The broad reach of e-health interventions is particularly exciting in the light of some new methods for building and optimizing behavioral interventions. The purpose of this article is to introduce two of these new methods to e-health scientists. One is the Multiphase Optimization Strategy (MOST)2 for building and evaluating interventions in such a way that they are made out of active program components delivered at optimal doses. The other is the Sequential Multiple Assignment Randomized Trial (SMART)3 for building adaptive interventions. We propose that these new methods, although relatively untried at this writing, are eminently practical and hold much potential for e-health research. By using these methods, it is possible to produce more potent interventions which, when coupled with the reach afforded by e-health approaches, will promise considerable overall public health impact.
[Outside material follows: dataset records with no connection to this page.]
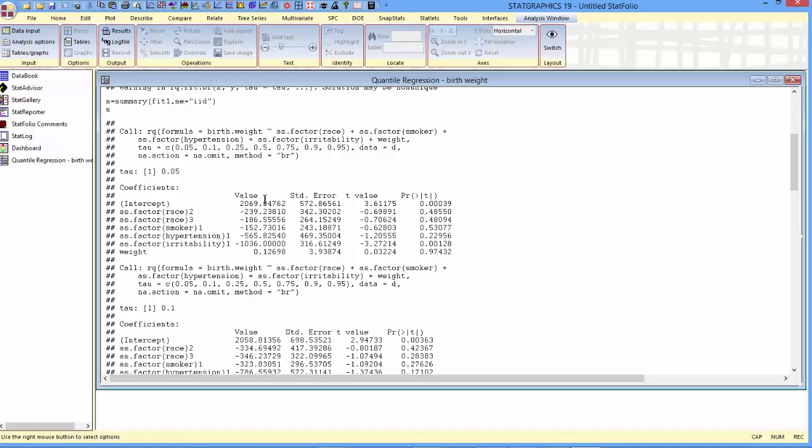In the table, you see the estimated coefficients, standard errors, t-tests, and p-values for each of the coefficients.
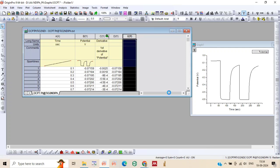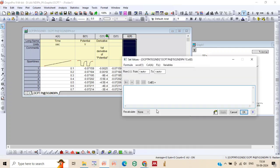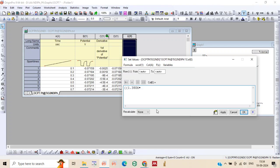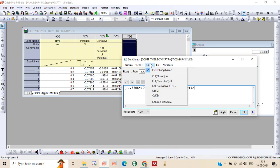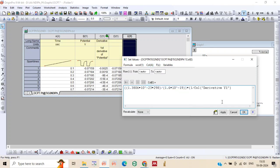Just set column value by taking the values in bracket. 1.3806 x 10 to the power minus 23 x 298 bracket close. Now divide it by 1.6 x 10 to the power minus 19 bracket close. And take another bracket. That is one by column C bracket close.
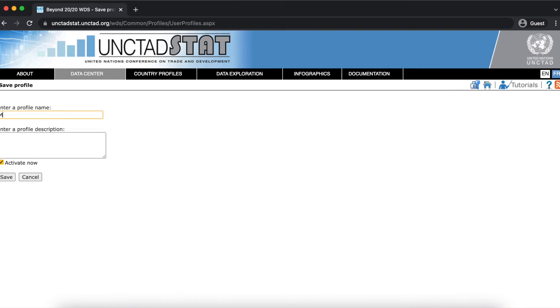Here you can add a name and a description to your profile, choose whether to activate the profile right away and click save. Our profile is now activated.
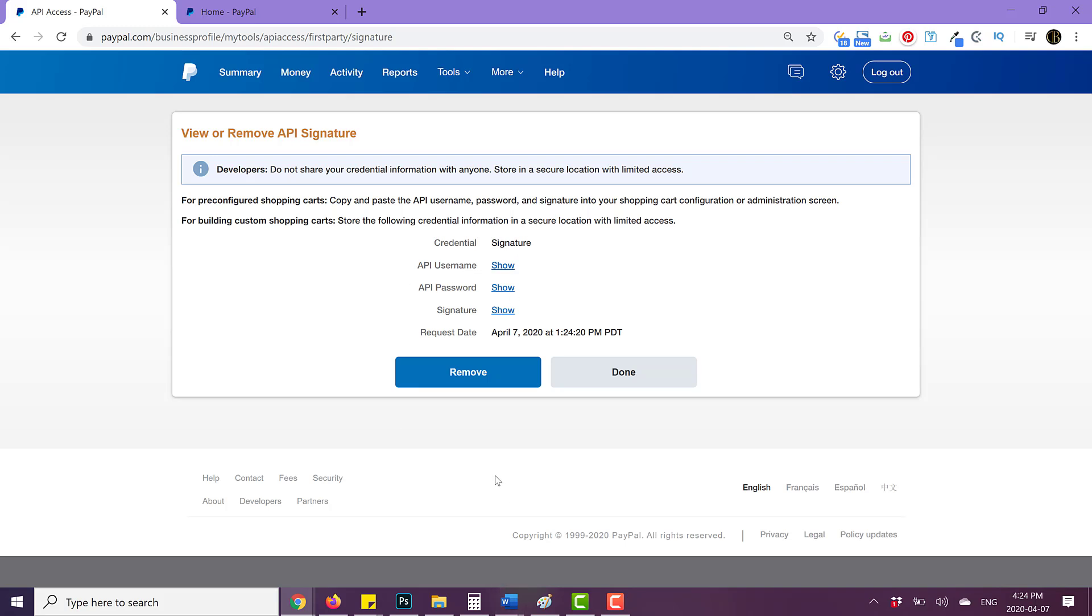So I'm going to go ahead and show you what it looks like on the back end of a WordPress site if you are trying to do that on WordPress.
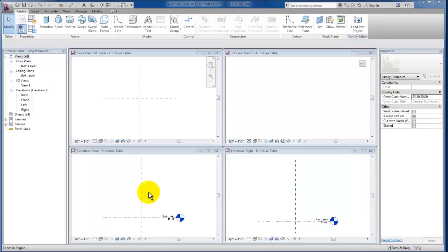In the creation of this table, we're going to look at the process that we need to follow for our family. The first thing we want to do is set up and add the reference planes that we need here.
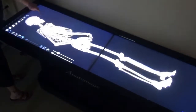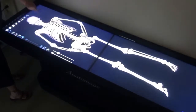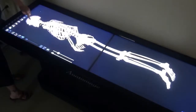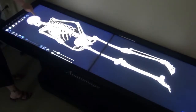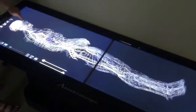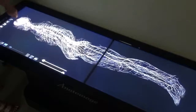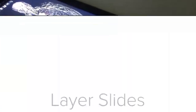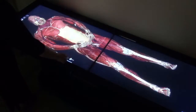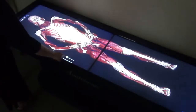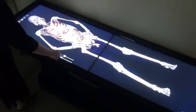Students and faculty can rotate virtual and cadaver bodies a full 360 degrees. Gross anatomy slides allow students and faculty to visualize full body structures.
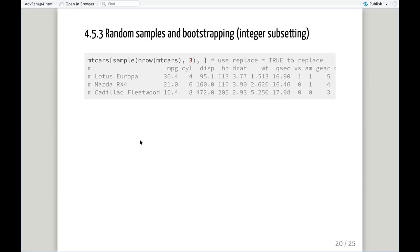There are also examples given for random samples. If we want to sample from a data frame like mtcars, we can use the sample() function and take any three values from that data set. We can use this for random sampling. We can also use this with the argument replace = TRUE if we want sampling with replacement.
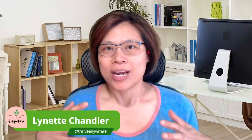Hi everyone, my name is Lynette Chandler from Thrive Anywhere and today I want to show you how to take a free journal and make it fillable using a free tool.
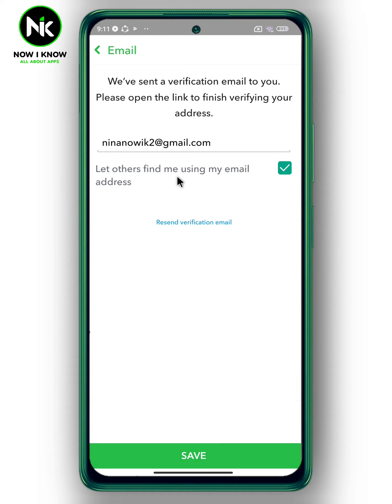A verification email has been sent to you to finish verifying your email. And in case you didn't get the verification email, you can resend it by tapping on 'Resend verification email'.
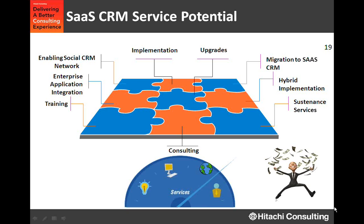So what can you get from SaaS? If you are a SaaS CRM professional or a company offering SaaS CRM, what possibilities can you explore? First is implementation — timelines are somewhere between three to four months. Then, if somebody is at a basic SaaS CRM level and wants to move to the next level, that's an upgrade opportunity. There's also migration — where a company running on-premise enterprise CRM wants to move to SaaS CRM. And there's the interesting combination of both, which we call a hybrid implementation.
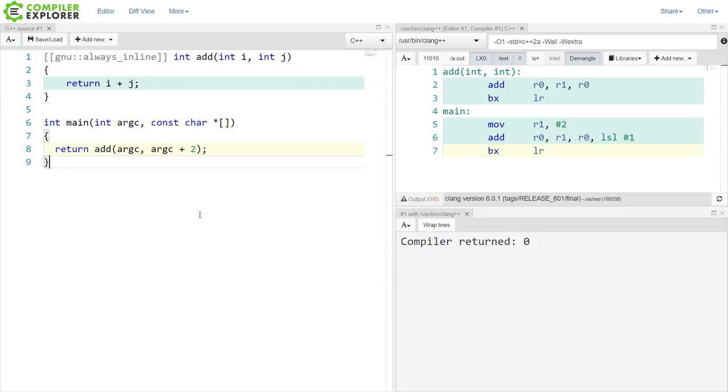So again, I do not recommend using the always inline attribute. I do recommend relying on your compiler to do the right thing. But if you have a reason to use some of these compiler-specific attributes, I do strongly recommend that you use the new syntax that C++ 14 and 17 affords us and get something that is a little bit more portable.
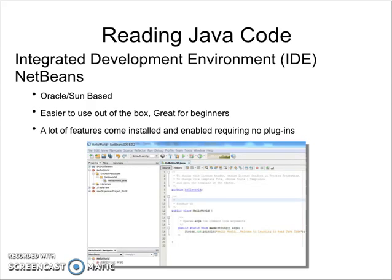Welcome back to Reading Java Code, Module 1, where we will talk about Integrated Development Environments, also known as an IDE. We will talk about the two most popular in industry right now, which are NetBeans and Eclipse.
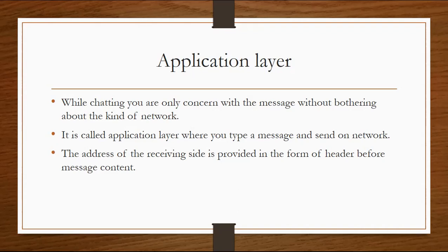So it's called the application layer. You are only concerned with the message without bothering about the kind of network. It is not concerned whether your network is guided or unguided, wired or wireless.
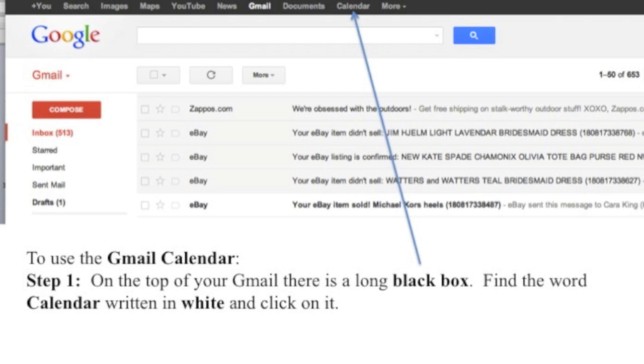To use the Gmail calendar, Step 1: On the top of your Gmail, there is a long black box. Find the word calendar written in white and click on it.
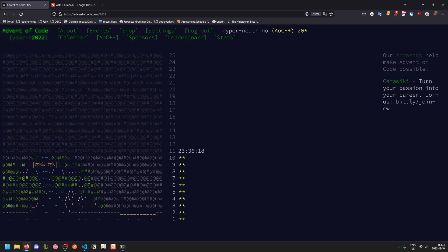Welcome back to another Advent of Code walkthrough video. Today we'll be looking at 2022 day 10.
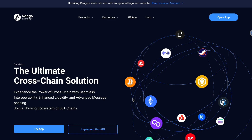Hello, and welcome to Rango Exchange tutorial videos. Rango is a versatile cross-chain DEX and bridge aggregator that allows seamless interoperability between over 50 blockchains, including EVMs, ZK Rollups, UTXOs, Cosmos-based chains, Solana, and many more. In this video, we'll walk you through how to perform a cross-chain swap and bridge using Rango Exchange.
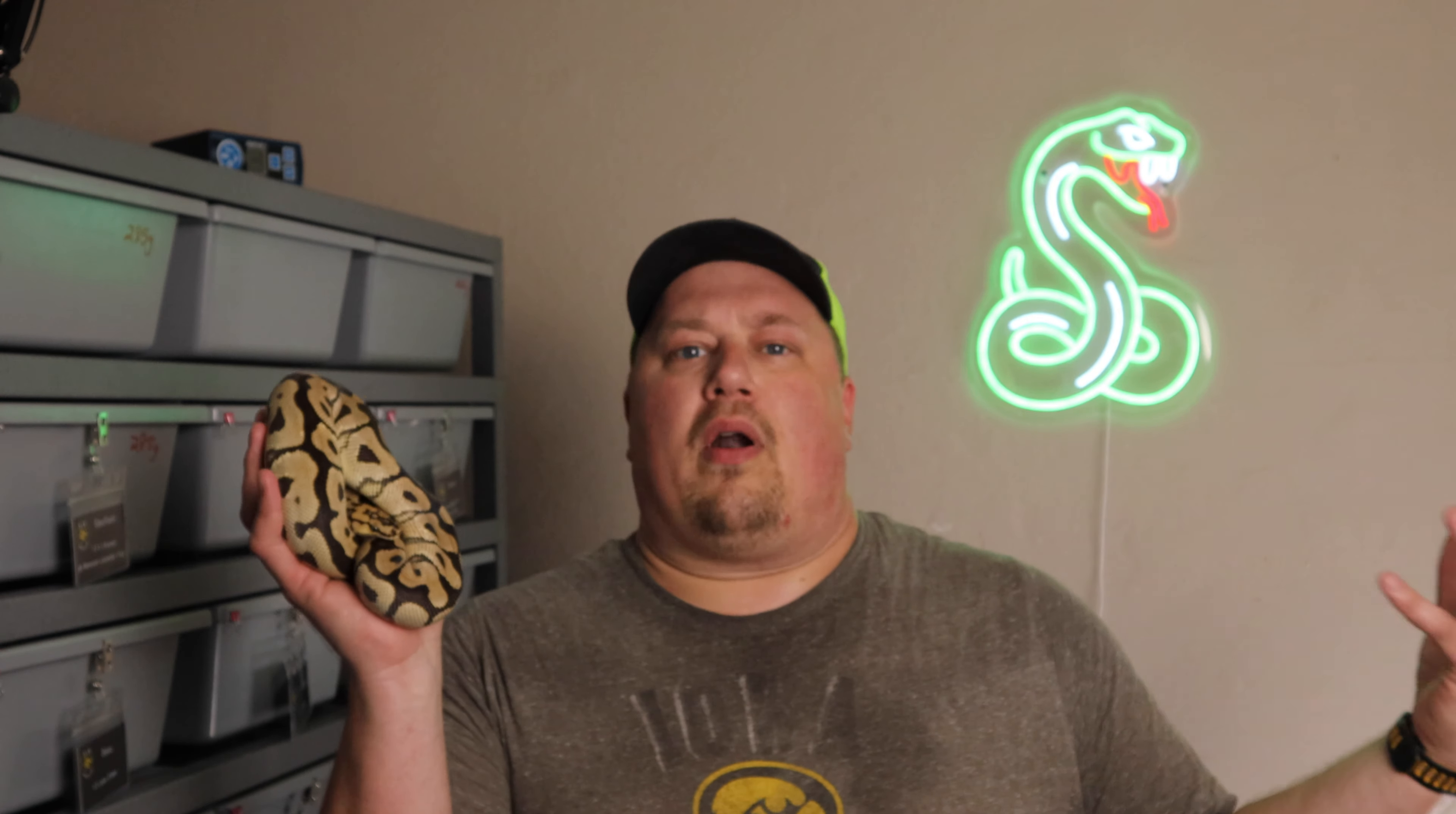The breeder I got her from, Juggernaut Reptiles at the Tinley Show, suggested, hey, move her down to a smaller size and maybe lower her hotspot. I had her temperature about a degree or two, maybe too high.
The traditional approach to intervention development has involved constructing an intervention a priori and then evaluating it in a standard randomized confirmatory trial (RCT). After the confirmatory trial, post-hoc analyses are done to help explain how the intervention worked, or why it did not work. The results of these analyses may be used to refine the intervention program and construct a second generation version of the program, which is then evaluated in a new RCT.
Collins, Murphy, Nair, and Strecher2 reviewed shortcomings of this approach. While acknowledging that RCTs are the undisputed gold standard for assessing the effect of an intervention as a package once it has been developed, they pointed out that the post hoc analyses that typically follow a RCT in order to inform further intervention design and evaluation are subject to bias because they are not based on random assignment. As a result the cycle of intervention – RCT – post hoc analyses – revision of intervention – RCT is likely to lead very slowly, if at all, to an optimized intervention.
Collins et al. also pointed out that most behavioral interventions can be considered an aggregation of a set of components. Some intervention components are a part of the program itself (e.g. program content). Others may be more concerned with the delivery of the program (e.g., whether a message is delivered by a lay person or by a physician). Some components may be having the intended effect; others may be having no effect at all; and others may even be reducing the overall potency of the intervention. Because the traditional RCT evaluates the intervention only as a whole, using the RCT alone does not enable isolation of the effects of individual program or delivery components. A different experimental approach is necessary to accomplish this.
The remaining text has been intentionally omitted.